Nothing but the lines from the one containing "海带丝炒豆腐干的做法图解5" through the end of the entries below should appear in your answer, transcribed exactly; please drop the pictures.

******

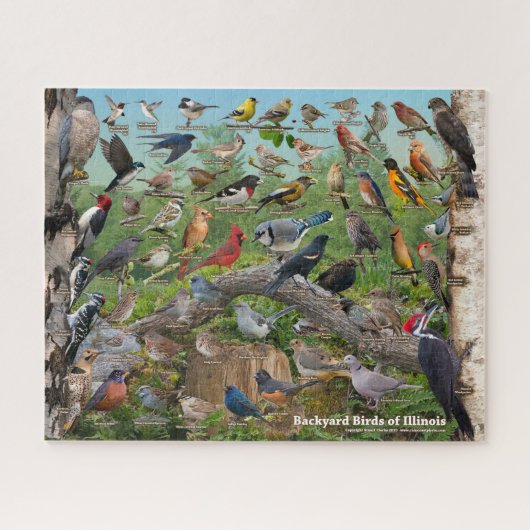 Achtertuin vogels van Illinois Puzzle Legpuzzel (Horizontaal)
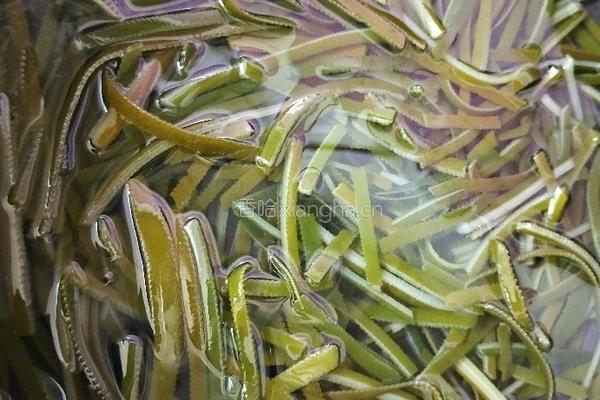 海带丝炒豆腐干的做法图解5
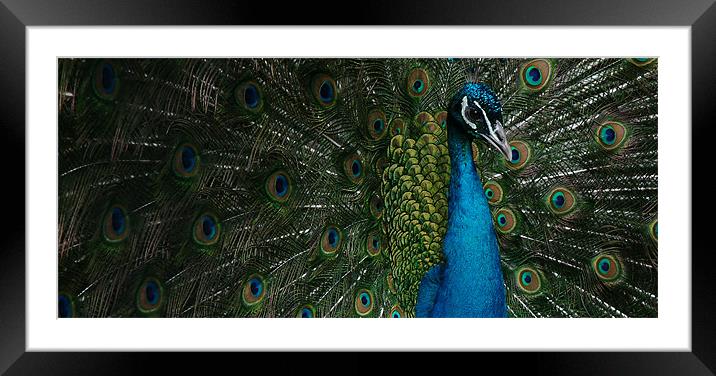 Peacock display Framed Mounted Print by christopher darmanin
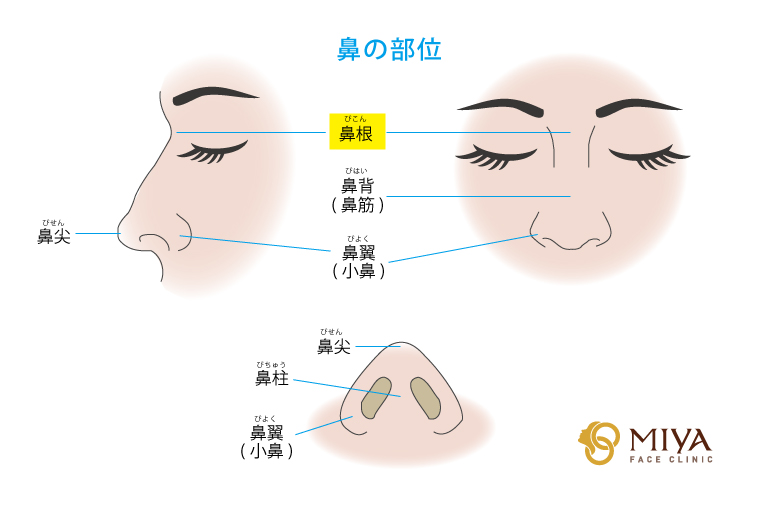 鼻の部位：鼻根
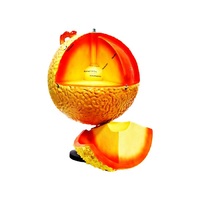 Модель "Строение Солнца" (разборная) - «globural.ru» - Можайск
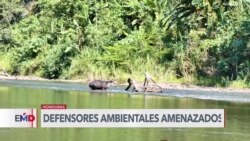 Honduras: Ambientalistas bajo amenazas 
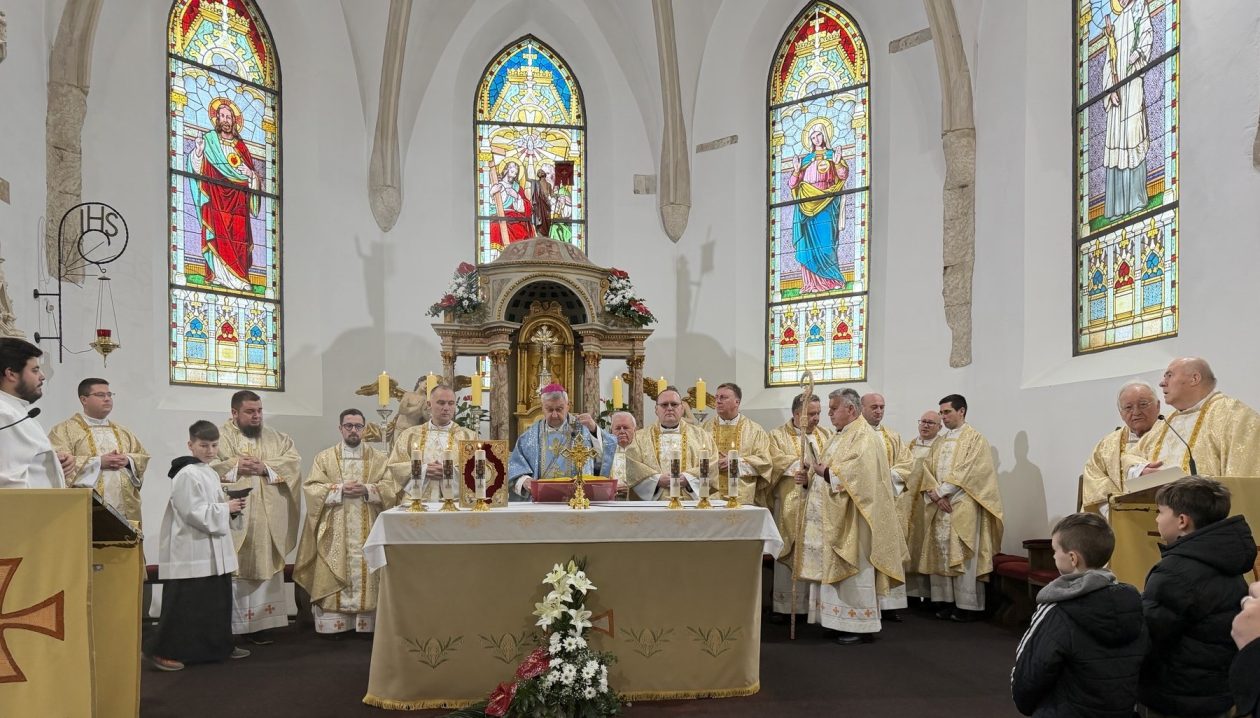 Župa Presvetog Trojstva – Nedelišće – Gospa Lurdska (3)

******

**Output for this exercise**.
 海带丝炒豆腐干的做法图解5
 Peacock display Framed Mounted Print by christopher darmanin
 鼻の部位：鼻根
 Модель "Строение Солнца" (разборная) - «globural.ru» - Можайск
 Honduras: Ambientalistas bajo amenazas 
 Župa Presvetog Trojstva – Nedelišće – Gospa Lurdska (3)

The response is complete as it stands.